▶ [TASK STATEMENT]: Repeat the listing exactly. Any picture in it should be left out of the copy.

▶ [DATASET EXTRACT]:
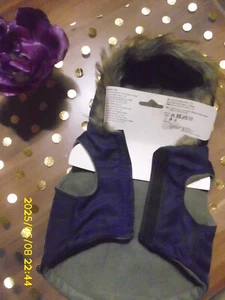 * Haustierkleidung * Mäntelchen mit Kapuze * Dunkelblau * Gr. XS * NEU * - Bild 1 von 3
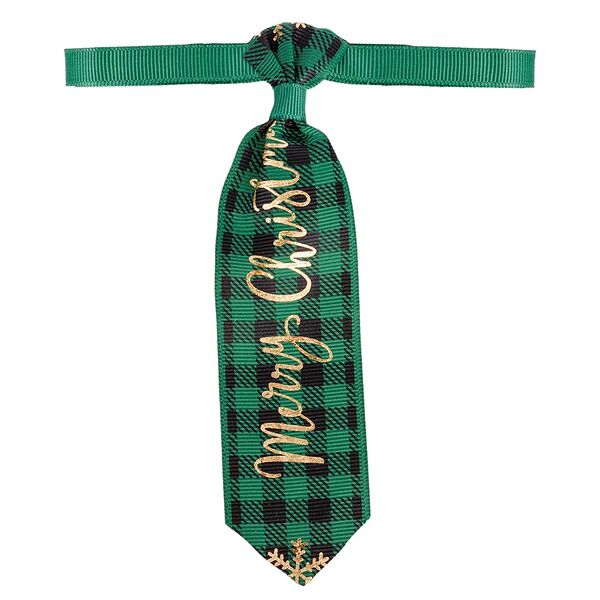 Галстук для кошек и собак зеленый в клетку Merry Christmas, 20-35 см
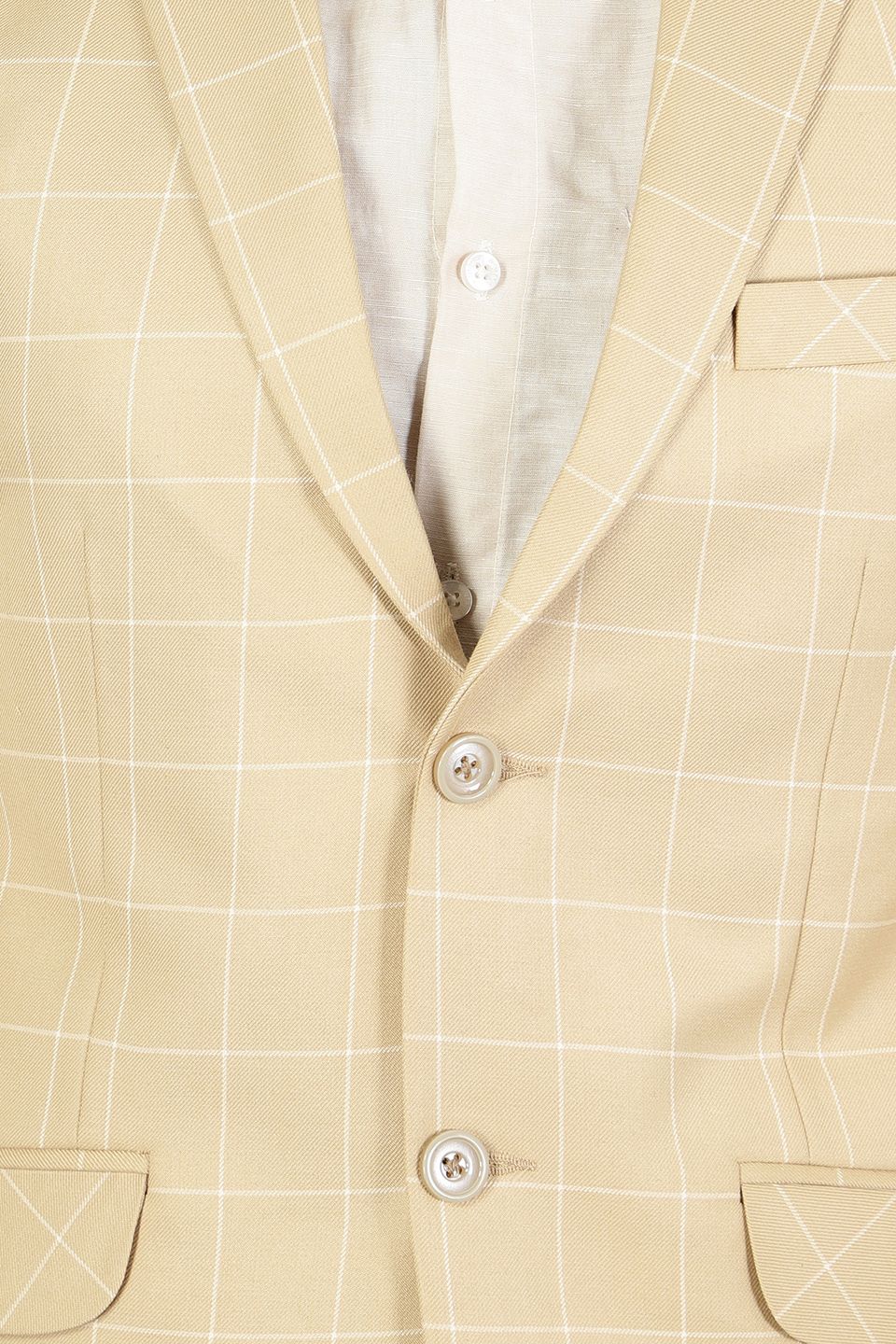 Poly Viscose Checkered Gold Blazer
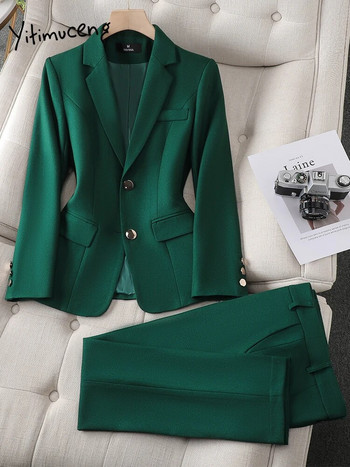Yitimuceng Fashion Office Γυναικεία Επίσημα Παντελόνια Γυναικεία Κοστούμια Φθινόπωρο Χειμώνας 2023 Μακρυμάνικο Slim Blazer Παντελόνι 2 τεμαχίων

▶ [THE ANSWER]:
 * Haustierkleidung * Mäntelchen mit Kapuze * Dunkelblau * Gr. XS * NEU * - Bild 1 von 3
 Галстук для кошек и собак зеленый в клетку Merry Christmas, 20-35 см
 Poly Viscose Checkered Gold Blazer
Yitimuceng Fashion Office Γυναικεία Επίσημα Παντελόνια Γυναικεία Κοστούμια Φθινόπωρο Χειμώνας 2023 Μακρυμάνικο Slim Blazer Παντελόνι 2 τεμαχίων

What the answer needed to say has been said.